How Melanie got to where she is with the whole relating thing
Melanie Smith, being well versed in chaotic and disastrous relating, and the veteran of more than one failed relationship, was mystified and unsettled by these highly unsatisfactory outcomes. She determined that she would, someday, figure out how to be happy and content inside a relationship. This became her personal Holy Grail, to solve the mystery of human relating.
So, she conjured a plan to do so. She surmised that if she went to school long enough (197 years), studied with enough gurus and experts (37), traveled to enough mystical places (64), absorbed enough esoteric and conventional modes of thinking (19), and worked professionally with enough relationships (19,251), that she could finally solve The Mystery.
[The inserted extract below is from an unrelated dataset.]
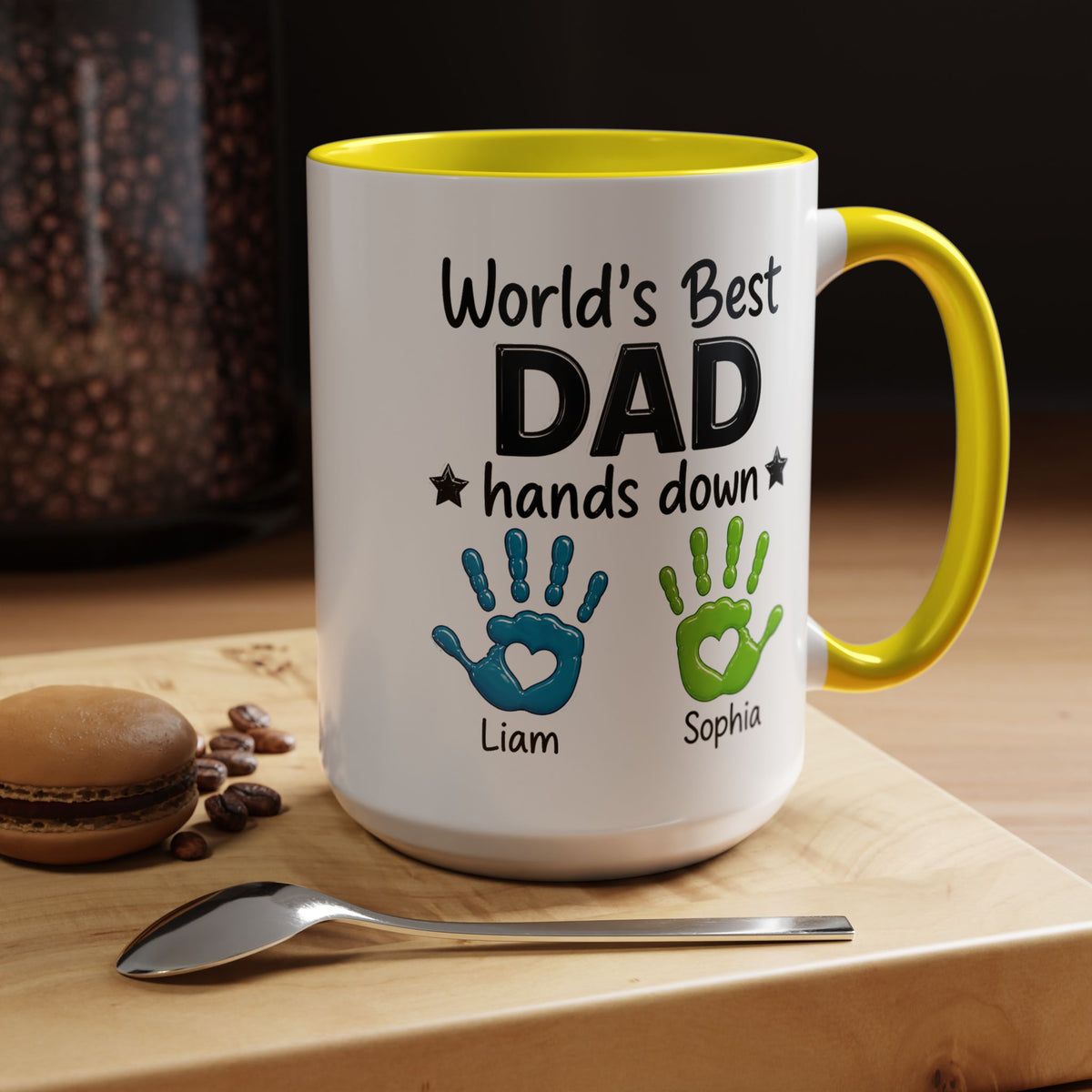 Personalized World's Best Dad Coffee Mug, Custom Handprint Dad Mug with Kids Names, Father's Day Gift for Dad, Gift from Children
Plan in hand, she embarked on her journey to discover the fundamental core—the atomic structure, if you will—of relating.
She truly (for a while) believed that with sufficient diligence, the mysteries of relationships would eventually all reveal themselves in an elegant, cosmic solution, something along the lines of, Always be kind; or, Yes, dear; or, maybe, 42.
Alas, after all of her heartfelt and strenuous effort, over many hundreds of years, Melanie finally, and reluctantly, had to admit that relating is a puzzle that cannot be fully solved (a fact her mother had plainly told her when she was 14). She had to discover for herself the need to surrender to the reality that an ultimate and elegant solution to relating Does Not Exist (in any way she could find).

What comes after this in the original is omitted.